Data to use —
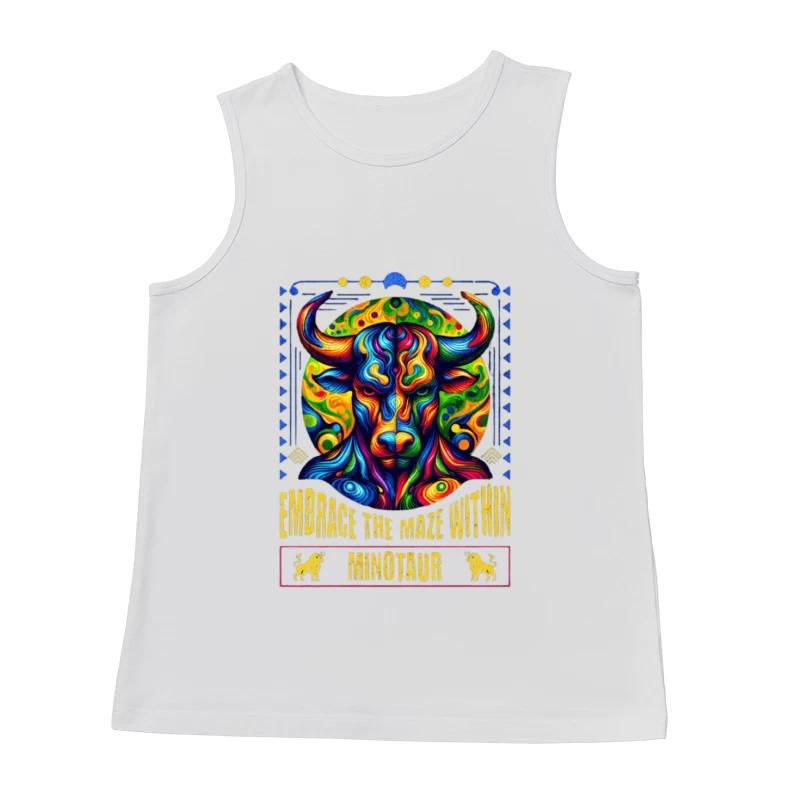 Psychedelic Minotaur: Embrace the Maze Within Male Tank Top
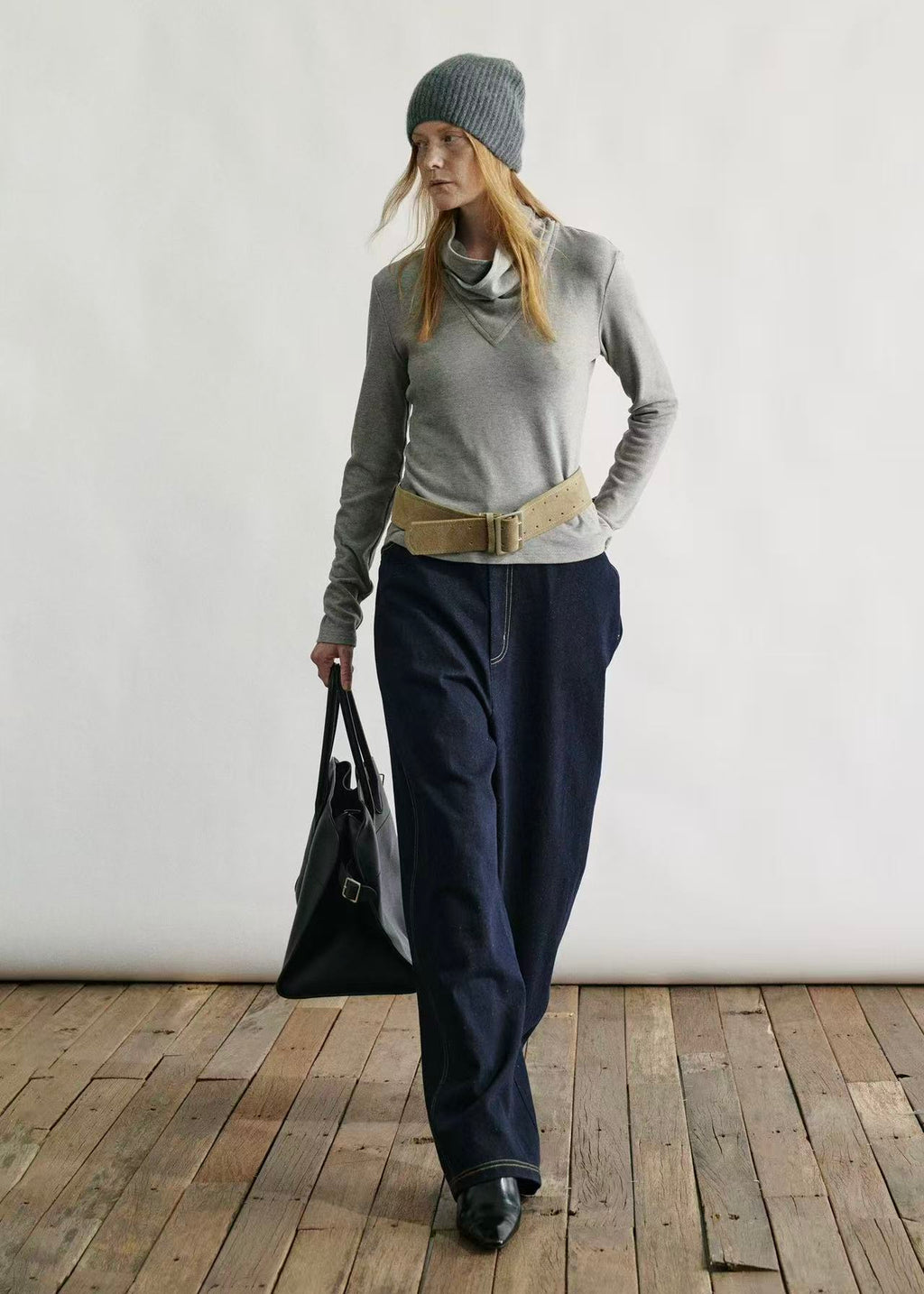 Soft Drape Cowl-Neck Fleece Top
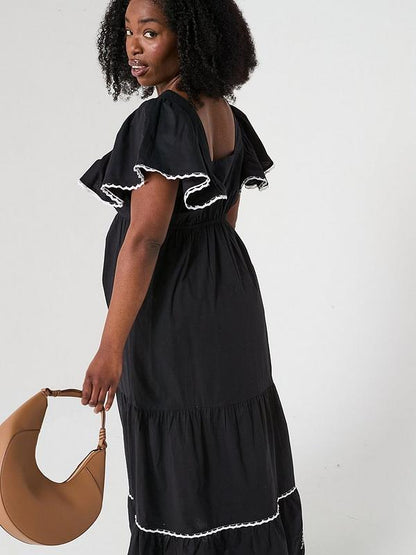 V by Very Curve Embroidered Maxi Dress - Black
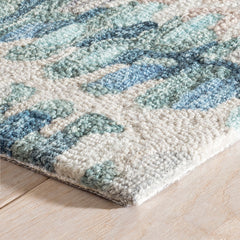 Paint Chip Hand Hooked Wool Rug - Blue, 2' 6" x 8' Runner
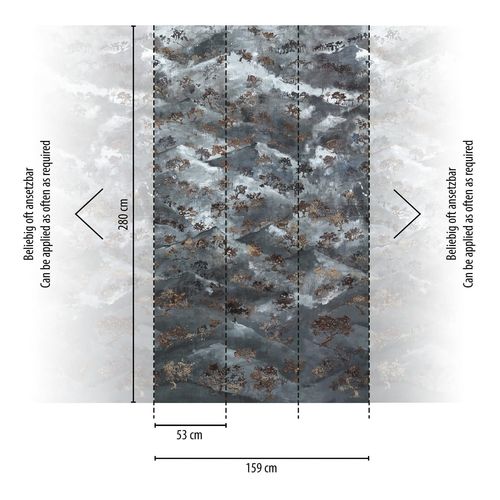 Papier peint photo Profhome 392591-GU papier peint intissé gaufré à chaud lisse avec un dessin abstrait mat bleu gris or 1,59 m x 2,8 m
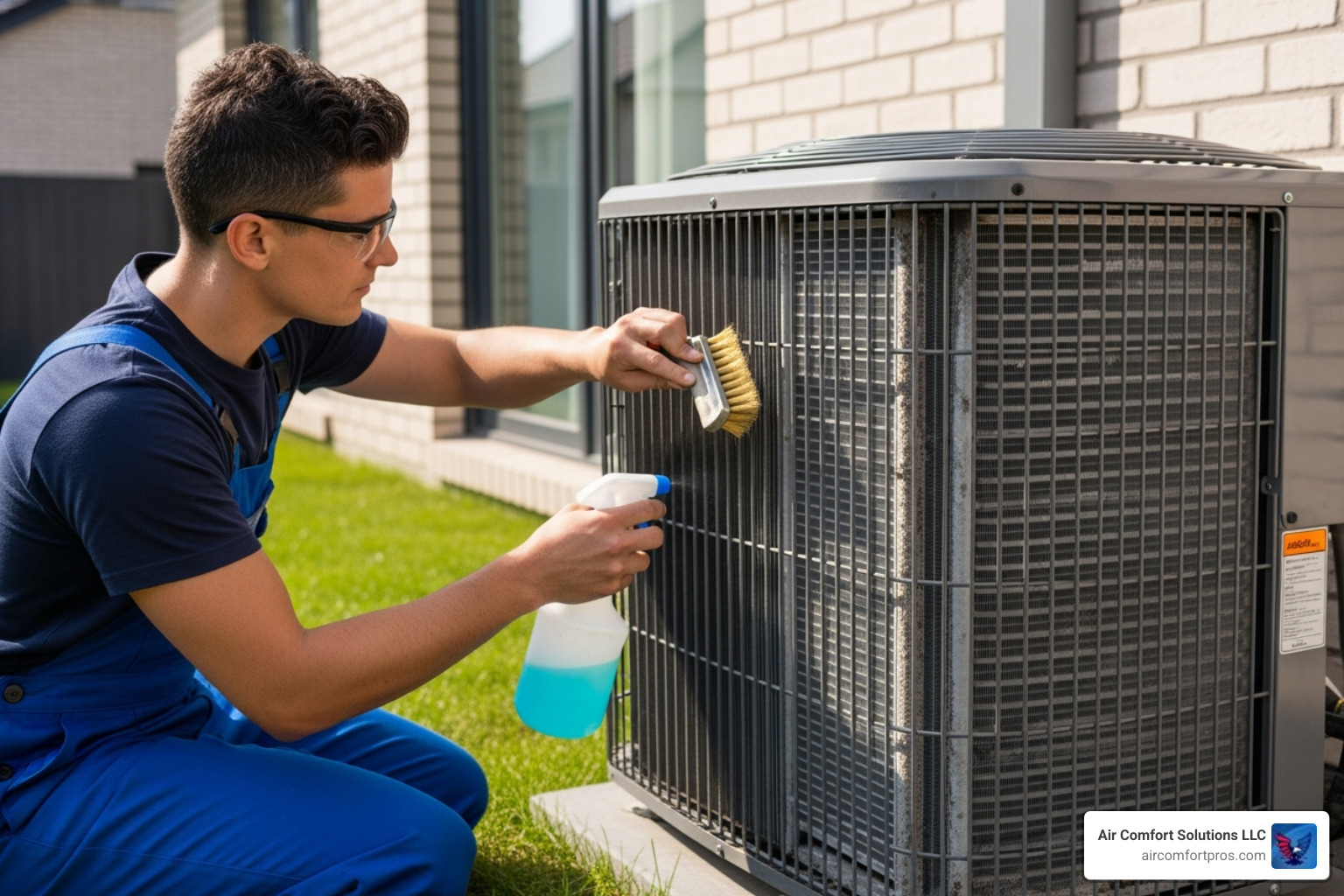 A technician cleaning an HVAC coil, highlighting the importance of regular maintenance - Conroe HVAC services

Assignment — In the data above, find the line containing "Paint Chip Hand", then output it and every later line exactly, without the pictures.

Answer below —
 Paint Chip Hand Hooked Wool Rug - Blue, 2' 6" x 8' Runner
 Papier peint photo Profhome 392591-GU papier peint intissé gaufré à chaud lisse avec un dessin abstrait mat bleu gris or 1,59 m x 2,8 m
 A technician cleaning an HVAC coil, highlighting the importance of regular maintenance - Conroe HVAC services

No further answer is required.